Home » Articles » Rediscovery

17

Jack DeJohnette's Directions: New Rags

John Kelman By

Sign in to view read count
Jack DeJohnette's New Directions—New RagsJack DeJohnette's Directions
New Rags
ECM Records
1977

Today's Rediscovery is an album that, despite never being released officially on CD, is a relatively regular play chez Kelman, getting spun at least a couple times every year.
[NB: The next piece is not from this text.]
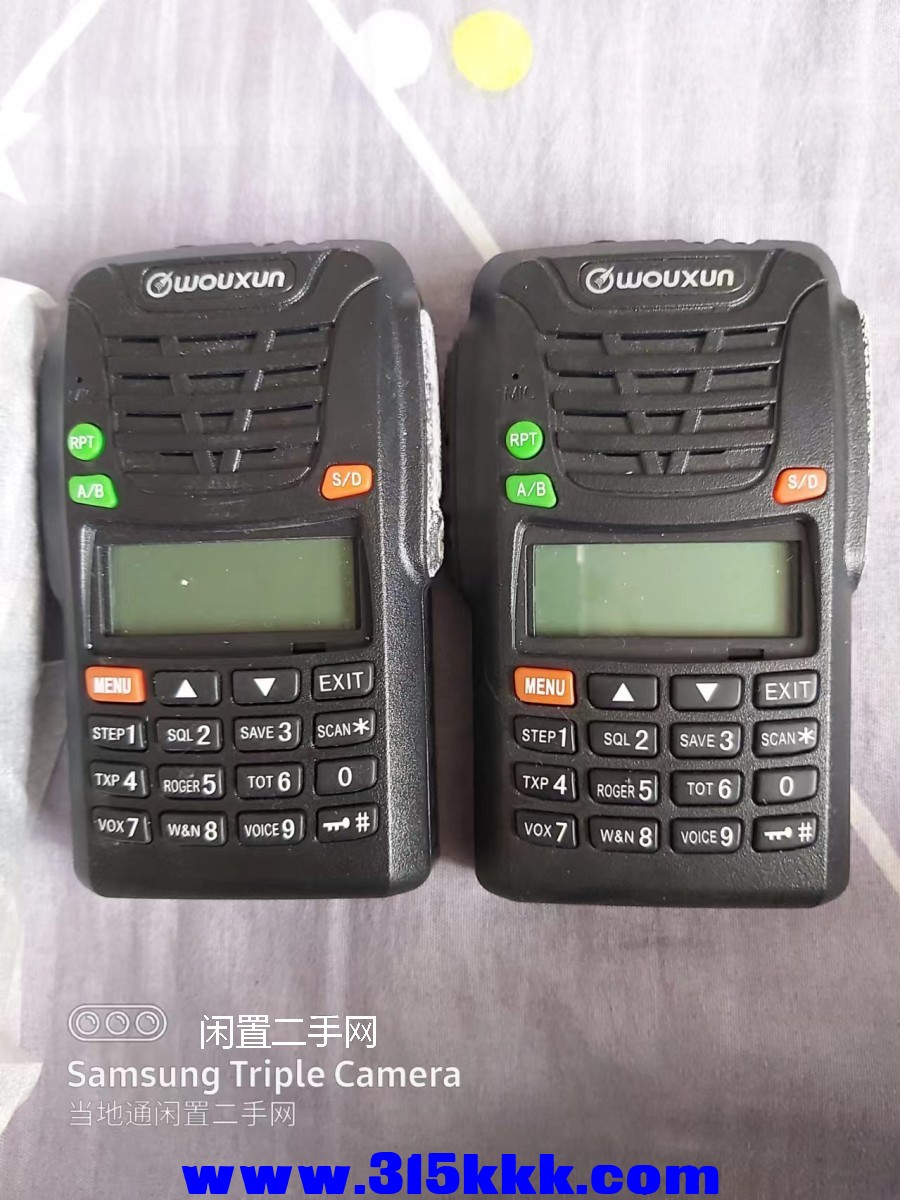 微信图片_20240924091205.jpg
New Rags (ECM, 1977), the third—and, sadly, final—recording by drummer Jack DeJohnette's Directions group, pares down the quintet of its second album and ECM debut to a quartet, where Cosmic Chicken bassist Peter Warren is replaced by Mike Richmond and keyboardist Warren Bernhardt is eliminated from the lineup after making his single set appearance with the group on Untitled (ECM, 1976).
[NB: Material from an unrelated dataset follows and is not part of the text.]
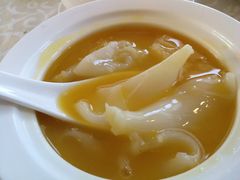 -御满江海鲜酒家(洛溪新城店)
The Chicago-born drummer is left, on New Rags, alongside guitarist (and fellow ECM label mate) John Abercrombie, lesser known but still busy session saxophonist Alex Foster and Richmond, another name less familiar to casual jazz fans but with a sizeable discography to suggest plenty of name power amongst musicians, It's an album that, perhaps even more than its broad-scoped predecessor, succeeds in positioning DeJohnette as not just one of jazz's most impressive drummers—even at this relatively early stage, about a decade into the then 35 year-old drummer's career, having already clocked up two major gigs with Charles Lloyd and Miles Davis—but as a composer, instrumentalist and bandleader of increasing significance.
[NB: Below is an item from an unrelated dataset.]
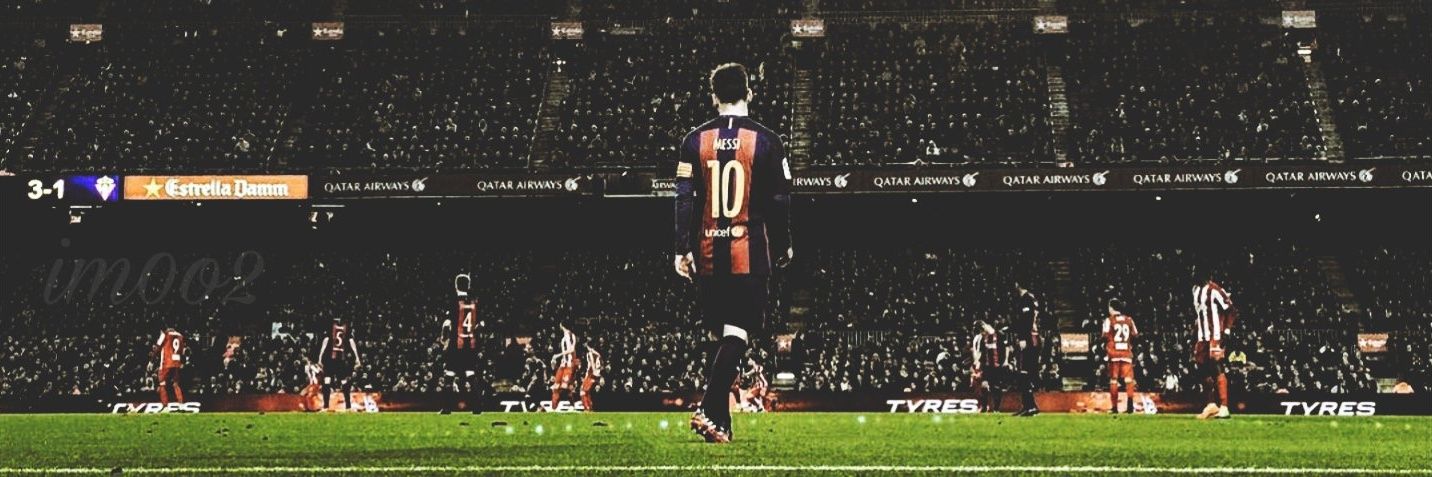 JAMAL banner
DeJohnette and Abercrombie were already good friends by this time, the guitarist having played on the drummer's two Prestige dates: 1974's Sorcery, as well as 1975's Cosmic Chicken—neither particularly well-received. DeJohnette returned the favour by appearing on Abercrombie's Timeless—the guitarist's 1975 ECM leader debut that quickly became a classic for both Abercrombie and the label—while the two began their on-again/off-again collaborative trio with bassist (and fellow Miles Davis alum) Dave Holland, Gateway, with its critically acclaimed eponymous ECM debut the same year.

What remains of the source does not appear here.